Um tiro na Quinta Avenida
Donald Trump tirou benefícios dos pobres para diminuir o imposto dos ricos. Aceitou mimos, pagou suborno, conspirou, roubou documentos, cultivou amizades suspeitas, chantageou. Também mentiu, exagerou, se contradisse, voltou atrás, traiu. Mas nada, nunca, arranhou sua popularidade entre seus apoiadores mais fiéis. Em 2016, antes mesmo de vencer suas primeiras primárias, Trump disse uma frase que mais tarde se mostraria visionária: "Eu poderia ficar no meio da Quinta Avenida, atirar em alguém, e não perderia nenhum eleitor, ok?. É, tipo, incrível".
Pois chegou a hora de testar a teoria do "tiro na Quinta Avenida". Parte considerável do movimento MAGA anda furiosa com a forma como Trump vem tratando o mal resolvido Caso Epstein. Recapitulando: acusado dos crimes de pedofilia e tráfico de menores, o milionário Jeffrey Epstein enforcou-se na prisão poucos dias depois de ser preso, em 2019. Ironicamente, o fato de Trump ter sido, durante mais de 15 anos, um dos melhores amigos de um pedófilo condenado pela Justiça nunca incomodou ninguém. Na verdade, o oposto aconteceu.

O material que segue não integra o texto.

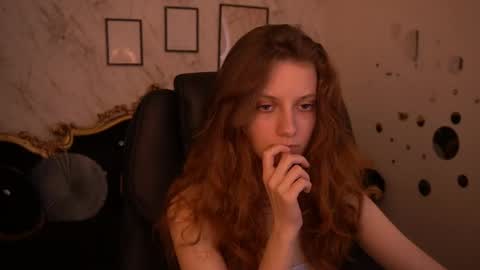 Snapshot of cuteefoxy chatting on June 2026 12:51:02 PM Foxy online show from June 2026 12:51:02 PM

O que ganhou tração na bolha da extrema direita foi a tese de que havia uma lista secreta de clientes de Epstein contendo nomes influentes do Partido Democrata - e que apenas Trump teria coragem de trazê-la a público. Não espanta que a ideia de uma "lista secreta" tenha entusiasmado tanto o universo MAGA. Uma teoria conspiratória envolvendo pedofilia, elites corruptas e arquivos bombásticos é um banquete para quem almoça e janta na realidade paralela das fake news.
Ocorre que Trump foi eleito, não fez nada a respeito e ainda mandou todo mundo achar uma nova teoria maluca para se ocupar. Pela primeira vez, seus eleitores se sentiram traídos e cobraram explicações. Com um empurrãozinho de Elon Musk, que percebeu no caso um ponto fraco do ex-amigo, o assunto não para de crescer nas redes sociais. Na semana passada, Trump finalmente solicitou ao Departamento de Justiça a divulgação de todos os depoimentos do júri do Caso Epstein, mas ele mesmo admite que isso não deve ser suficiente para acalmar os ânimos.
Ninguém sabe se existe a tal lista secreta de clientes, até que ponto o presidente está comprometido e onde isso tudo vai acabar. De qualquer forma, por enquanto, o Brasil pode reclinar-se na poltrona e assistir Donald Trump sendo acossado por fantasmas do passado que seus próprios apoiadores ajudaram a acordar.